An interesting FX survey from Deloitte provides insight into the challenges corporations encounter when managing currency risk and possible causes (and solutions) for these challenges, as well as FX risk management structures, strategies, and processes adopted by companies across the globe.
Key findings are summarized below:
- Treasury challenges: Lack of visibility into FX exposures and reliable forecasts and the manual nature of exposure quantification is a challenge for nearly 60 percent of respondents.
- The board agenda: The survey suggests that boards do not always receive sufficient information in relation to FX risk. Executive management could challenge its
treasurers more in order to better understand the impact of FX risk hedging strategies on profit margins.
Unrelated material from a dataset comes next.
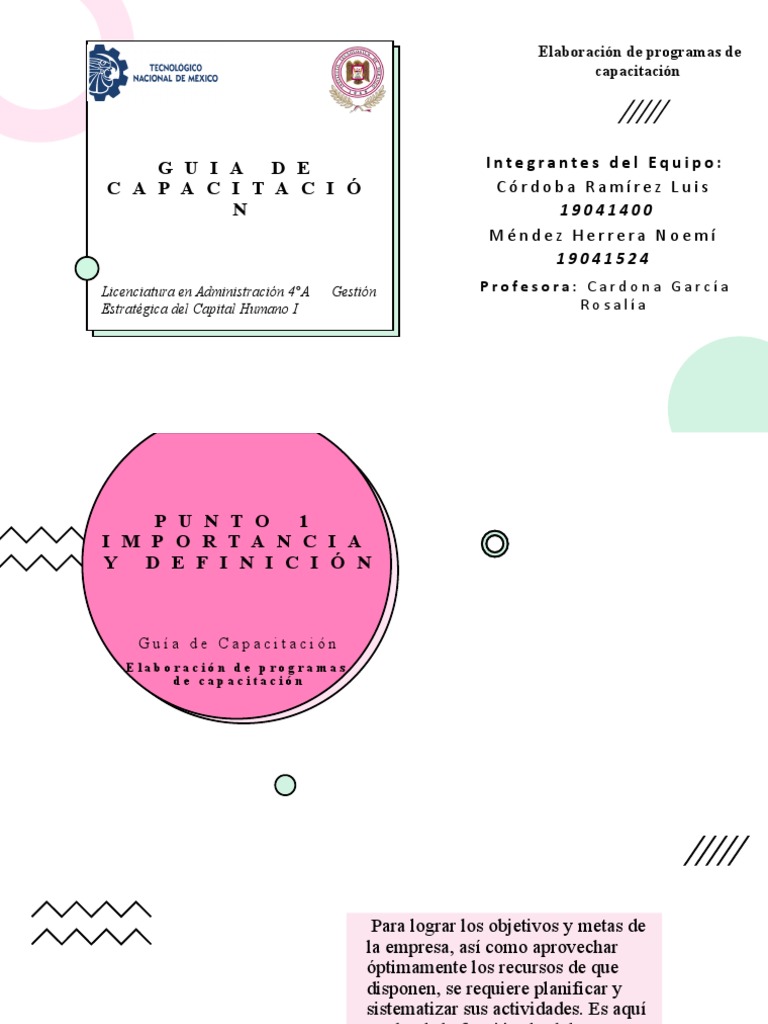 Guía para Programas de Capacitación | PDF | Evaluación | Aprendizaje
- Treasury structures: FX risk is predominantly managed via a central structure with 93 percent of respondents using a centralized treasury or in-house bank model, sometimes complemented by regional treasury centers.
- Hedging strategies: Hedging strategy objectives are mainly focused on protecting cash and minimizing volatility in income statements. As a result, hedging strategies are primarily centered around monetary balance sheet FX items and FX cash flows, and much less on P&L translation or net asset hedging.
- Use of technology: Technology is recognized as an important enabler to achieve efficient and effective processes, yet it appears to be a hindrance for many organizations that still deal with a multitude of source information systems with limited interconnectivity. More than 60 percent of respondents rely on manual forecasting processes.